Click-through-rate (CTR) prediction has an essential impact on improving user experience and revenue in e-commerce search. With the development of deep learning, graph-based methods are well exploited to utilize graph structure extracted from user behaviors and other information to help embedding learning. However, most of the previous graph-based methods mainly focus on recommendation scenarios, and therefore their graph structures highly depend on item's sequential information from user behaviors, ignoring query's sequential signal and query-item correlation. In this paper, we propose a new approach named Light-weight End-to-End Graph Interest Network (EGIN) to effectively mine users' search interests and tackle previous challenges. (i) EGIN utilizes query and item's correlation and sequential information from the search system to build a heterogeneous graph for better CTR prediction in e-commerce search. (ii) EGIN's graph embedding learning shares the same training input and is jointly trained with CTR prediction, making the end-to-end framework effortless to deploy in large-scale search systems. The proposed EGIN is composed of three parts: query-item heterogeneous graph, light-weight graph sampling, and multi-interest network. The query-item heterogeneous graph captures correlation and sequential information of query and item efficiently by the proposed light-weight graph sampling. The multi-interest network is well designed to utilize graph embedding to capture various similarity relationships between query and item to enhance the final CTR prediction. We conduct extensive experiments on both public and industrial datasets to demonstrate the effectiveness of the proposed EGIN. At the same time, the training cost of graph learning is relatively low compared with the main CTR prediction task, ensuring efficiency in practical applications.
Paper Structure (21 sections, 11 equations, 4 figures, 5 tables, 2 algorithms)
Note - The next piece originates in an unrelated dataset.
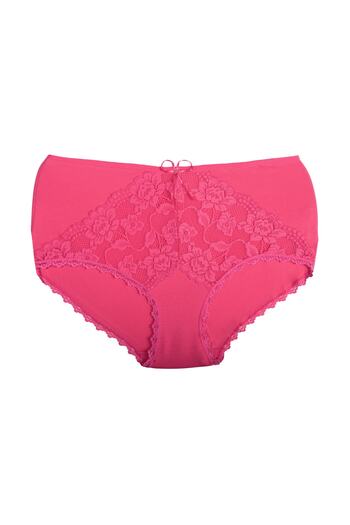 Zena 5-Piece High Waist Lace Detailed Cotton Plus Size Women's Panties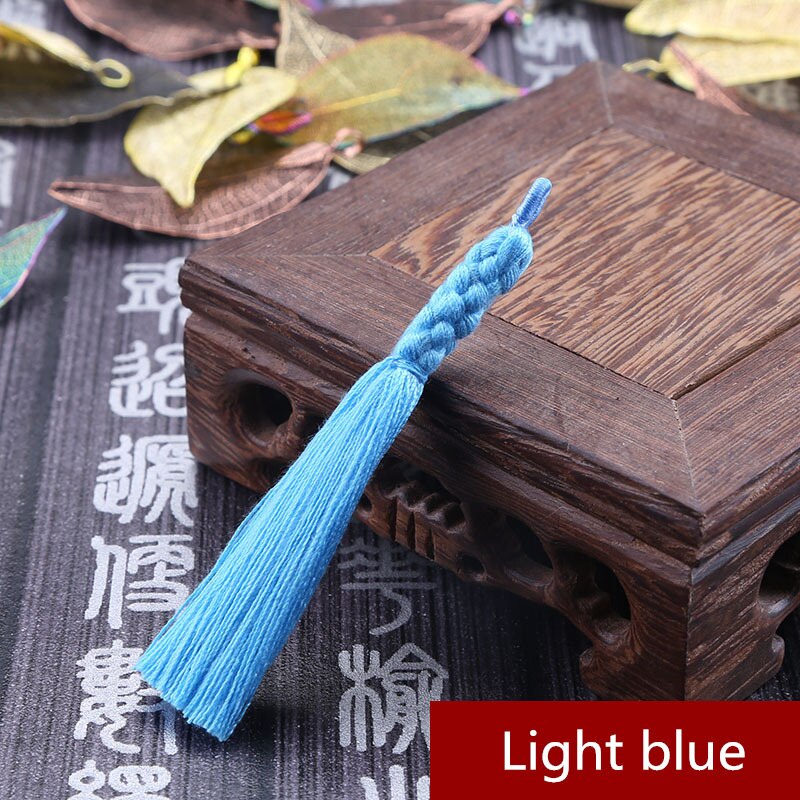 5PCS Mini Hemp Flower Tassel Jewelry Curtain Garments Decorative Accessories DIY Key Cell Phone Bag Fringe Trim Tassels Pendant: Light blue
This paper contains 21 sections, 11 equations, 4 figures, 5 tables, 2 algorithms.

Figures (4)

  • Figure 1: The framework of the proposed EGIN model. We use the unified input for both graph learning and CTR prediction network. Our query-item heterogeneous graph is constructed based on user behavior sequence and conducts embedding learning based on edges. We build i2i edges for every neighbor within the distance of 2 in click sequence and build q2i/q2q pairs by time and category constraints. The same behavior sequence is provided to the CTR prediction network, where multiple similarity relationships are calculated based on graph embedding.
  • Figure 2: Query-item heterogeneous graph structure. User behavior sequence containing query and click sequence ordered in time. First, neighboring items are connected by a window size of 2. Then queries are segmented into sessions based on their semantic similarity and happening time. Queries within the same session are all connected. Finally, every query and its nearby items within the time window that satisfy categorical constraints with the query is connected to capture item-query correlation.
  • Figure 3: CTR prediction performance on industrial dataset of different mixtures of user click sequence and seeds sequence as input to graph learning. While the click sequence contains more inter-category transitions, the seeds sequence concentrates more on items corresponding to the search intention. $\mathbf{80\%}$ of click sequence and $\mathbf{20\%}$ of seeds sequence achieves best result in our experiment.
  • Figure 4: Graph embedding similarity matrix of several randomly selected item pairs from our industrial dataset.